Shared Memory size is limites for instance A matrix of size 512*512 with Full precision (FP32) which occupies 4 Bytes, requires (512*512*4)/1024 = 1024 KB , for Ampere Architecture the maximum size of shared memory is 192 KB per SM. which is much less than the shared Memory. Hence we can’t fit int the whole matrix into shared memory. Solution:- Split matrices into smaller submatrices (tiles) and load them in phases into shared memory to perform computations more efficiently.
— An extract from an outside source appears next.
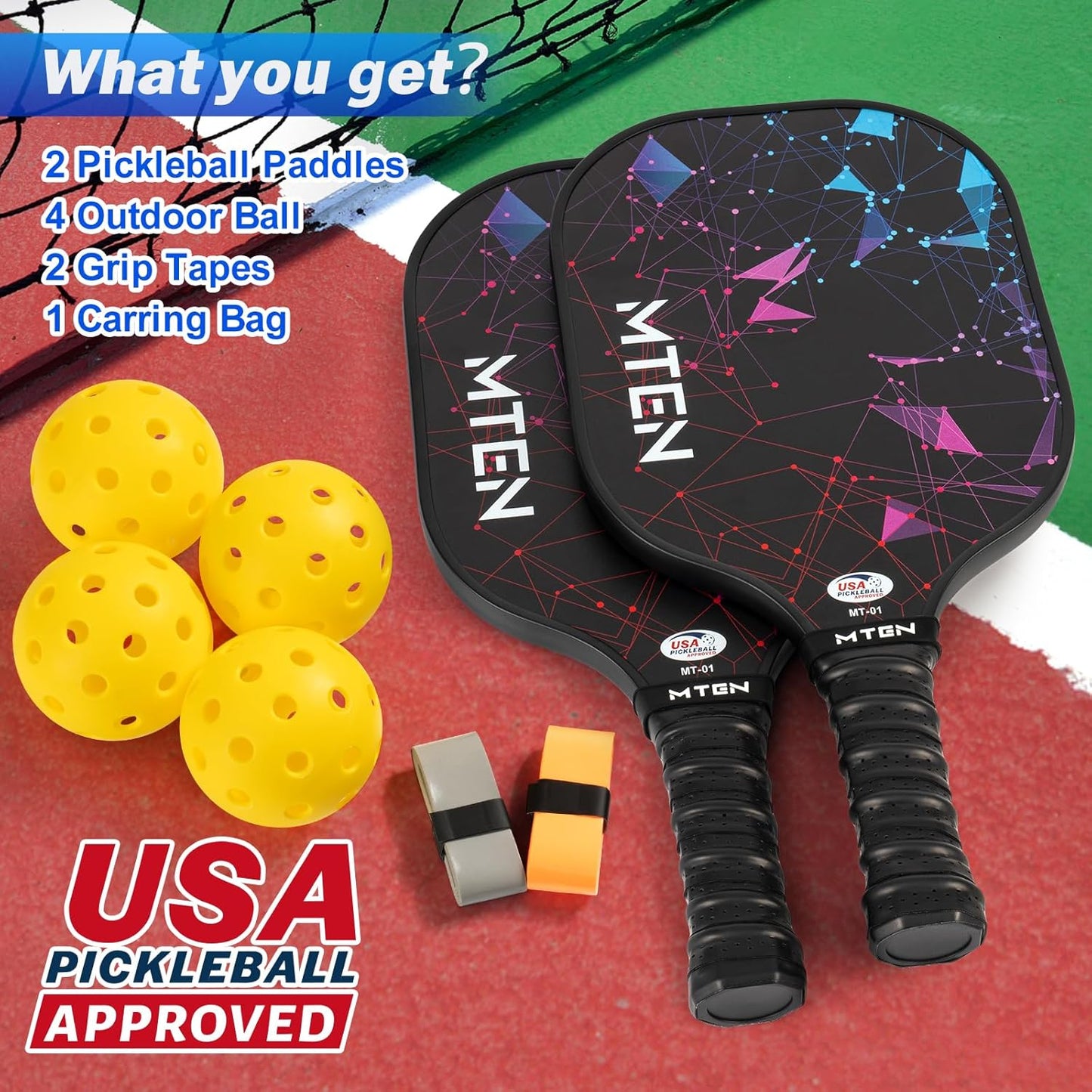 Pickleball Paddles Set of 2 or 4, or Single Paddle – USAPA Approved Fiberglass Surface Pickleball Rackets Set for Men & Women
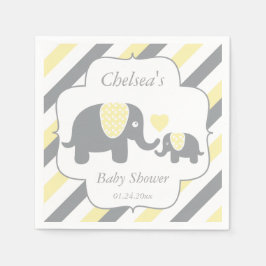 Serviette Jetable Baby shower des éléphants blancs, jaunes et gris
Matrix Multiplication with Tiling

Let us consider Matrix of size 4*4 & TILE_SIZE 2 , this divides the matrices into 4 submatrices(tiles) of each 2*2 size like show in below, each tile in output matrix is computed by one Thread Block. Each block further contains 4 Threads.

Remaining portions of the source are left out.